__Task directions__
Below is a block of entries; repeat exactly the lines starting at the line that contains "This Rook is" and ending at the line that contains "The material is", both included.

+--

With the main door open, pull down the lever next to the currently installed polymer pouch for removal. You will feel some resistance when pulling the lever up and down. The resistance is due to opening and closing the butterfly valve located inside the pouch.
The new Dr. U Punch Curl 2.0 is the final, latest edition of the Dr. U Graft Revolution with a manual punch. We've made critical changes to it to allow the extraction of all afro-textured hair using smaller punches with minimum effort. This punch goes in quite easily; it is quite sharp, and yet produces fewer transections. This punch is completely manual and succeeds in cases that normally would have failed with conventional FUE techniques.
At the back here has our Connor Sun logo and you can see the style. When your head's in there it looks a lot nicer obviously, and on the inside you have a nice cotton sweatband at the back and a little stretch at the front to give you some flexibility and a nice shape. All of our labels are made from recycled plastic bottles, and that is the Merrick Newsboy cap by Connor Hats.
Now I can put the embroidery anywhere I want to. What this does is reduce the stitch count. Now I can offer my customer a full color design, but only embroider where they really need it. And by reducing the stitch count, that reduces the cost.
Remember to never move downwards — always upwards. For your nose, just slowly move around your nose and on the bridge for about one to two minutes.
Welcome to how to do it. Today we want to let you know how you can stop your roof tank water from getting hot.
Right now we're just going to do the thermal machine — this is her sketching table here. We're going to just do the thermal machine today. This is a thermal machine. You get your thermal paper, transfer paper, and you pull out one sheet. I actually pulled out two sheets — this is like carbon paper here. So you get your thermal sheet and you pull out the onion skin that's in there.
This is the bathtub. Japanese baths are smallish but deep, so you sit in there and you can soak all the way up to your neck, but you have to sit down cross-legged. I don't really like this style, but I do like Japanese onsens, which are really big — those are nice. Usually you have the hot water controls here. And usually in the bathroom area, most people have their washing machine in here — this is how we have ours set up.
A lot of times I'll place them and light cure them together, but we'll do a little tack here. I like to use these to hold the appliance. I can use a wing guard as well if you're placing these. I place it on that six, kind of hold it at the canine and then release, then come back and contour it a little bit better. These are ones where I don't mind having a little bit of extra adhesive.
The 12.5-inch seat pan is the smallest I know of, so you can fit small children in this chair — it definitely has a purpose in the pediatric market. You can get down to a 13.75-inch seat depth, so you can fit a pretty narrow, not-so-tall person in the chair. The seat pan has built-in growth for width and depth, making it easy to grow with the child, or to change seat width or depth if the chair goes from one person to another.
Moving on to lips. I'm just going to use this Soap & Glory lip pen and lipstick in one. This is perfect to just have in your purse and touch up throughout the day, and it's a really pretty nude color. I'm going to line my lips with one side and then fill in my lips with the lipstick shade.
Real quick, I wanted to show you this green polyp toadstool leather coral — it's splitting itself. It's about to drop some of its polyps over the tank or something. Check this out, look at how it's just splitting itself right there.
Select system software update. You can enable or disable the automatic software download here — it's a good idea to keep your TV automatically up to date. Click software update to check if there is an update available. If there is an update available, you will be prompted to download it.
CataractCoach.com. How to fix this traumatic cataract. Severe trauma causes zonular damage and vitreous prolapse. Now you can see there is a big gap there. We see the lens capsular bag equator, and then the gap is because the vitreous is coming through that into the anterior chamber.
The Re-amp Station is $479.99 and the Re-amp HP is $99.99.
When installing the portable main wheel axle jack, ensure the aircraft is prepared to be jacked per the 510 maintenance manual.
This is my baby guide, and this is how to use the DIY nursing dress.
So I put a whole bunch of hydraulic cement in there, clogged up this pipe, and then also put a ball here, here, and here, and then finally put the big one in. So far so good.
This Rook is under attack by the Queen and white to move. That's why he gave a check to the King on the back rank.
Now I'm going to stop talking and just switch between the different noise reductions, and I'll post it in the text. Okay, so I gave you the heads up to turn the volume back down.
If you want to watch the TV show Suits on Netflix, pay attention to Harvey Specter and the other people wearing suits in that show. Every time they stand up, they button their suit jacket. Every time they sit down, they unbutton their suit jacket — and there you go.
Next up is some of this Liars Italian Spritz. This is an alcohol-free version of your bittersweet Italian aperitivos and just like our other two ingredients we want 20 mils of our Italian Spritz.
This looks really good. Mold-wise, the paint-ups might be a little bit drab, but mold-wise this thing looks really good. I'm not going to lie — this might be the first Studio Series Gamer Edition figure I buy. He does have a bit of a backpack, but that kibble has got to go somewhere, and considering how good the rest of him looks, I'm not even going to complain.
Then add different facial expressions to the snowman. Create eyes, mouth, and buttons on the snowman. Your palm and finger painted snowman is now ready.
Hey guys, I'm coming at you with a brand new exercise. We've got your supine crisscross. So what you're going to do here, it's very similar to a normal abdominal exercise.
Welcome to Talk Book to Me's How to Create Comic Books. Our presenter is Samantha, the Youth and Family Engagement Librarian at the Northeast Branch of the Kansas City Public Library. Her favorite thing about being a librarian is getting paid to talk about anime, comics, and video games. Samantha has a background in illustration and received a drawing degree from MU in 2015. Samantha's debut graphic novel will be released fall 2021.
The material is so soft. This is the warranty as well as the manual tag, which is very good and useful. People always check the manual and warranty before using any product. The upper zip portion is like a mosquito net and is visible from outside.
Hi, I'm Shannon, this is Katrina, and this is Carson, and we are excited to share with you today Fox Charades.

+--

__Task response__
This Rook is under attack by the Queen and white to move. That's why he gave a check to the King on the back rank.
Now I'm going to stop talking and just switch between the different noise reductions, and I'll post it in the text. Okay, so I gave you the heads up to turn the volume back down.
If you want to watch the TV show Suits on Netflix, pay attention to Harvey Specter and the other people wearing suits in that show. Every time they stand up, they button their suit jacket. Every time they sit down, they unbutton their suit jacket — and there you go.
Next up is some of this Liars Italian Spritz. This is an alcohol-free version of your bittersweet Italian aperitivos and just like our other two ingredients we want 20 mils of our Italian Spritz.
This looks really good. Mold-wise, the paint-ups might be a little bit drab, but mold-wise this thing looks really good. I'm not going to lie — this might be the first Studio Series Gamer Edition figure I buy. He does have a bit of a backpack, but that kibble has got to go somewhere, and considering how good the rest of him looks, I'm not even going to complain.
Then add different facial expressions to the snowman. Create eyes, mouth, and buttons on the snowman. Your palm and finger painted snowman is now ready.
Hey guys, I'm coming at you with a brand new exercise. We've got your supine crisscross. So what you're going to do here, it's very similar to a normal abdominal exercise.
Welcome to Talk Book to Me's How to Create Comic Books. Our presenter is Samantha, the Youth and Family Engagement Librarian at the Northeast Branch of the Kansas City Public Library. Her favorite thing about being a librarian is getting paid to talk about anime, comics, and video games. Samantha has a background in illustration and received a drawing degree from MU in 2015. Samantha's debut graphic novel will be released fall 2021.
The material is so soft. This is the warranty as well as the manual tag, which is very good and useful. People always check the manual and warranty before using any product. The upper zip portion is like a mosquito net and is visible from outside.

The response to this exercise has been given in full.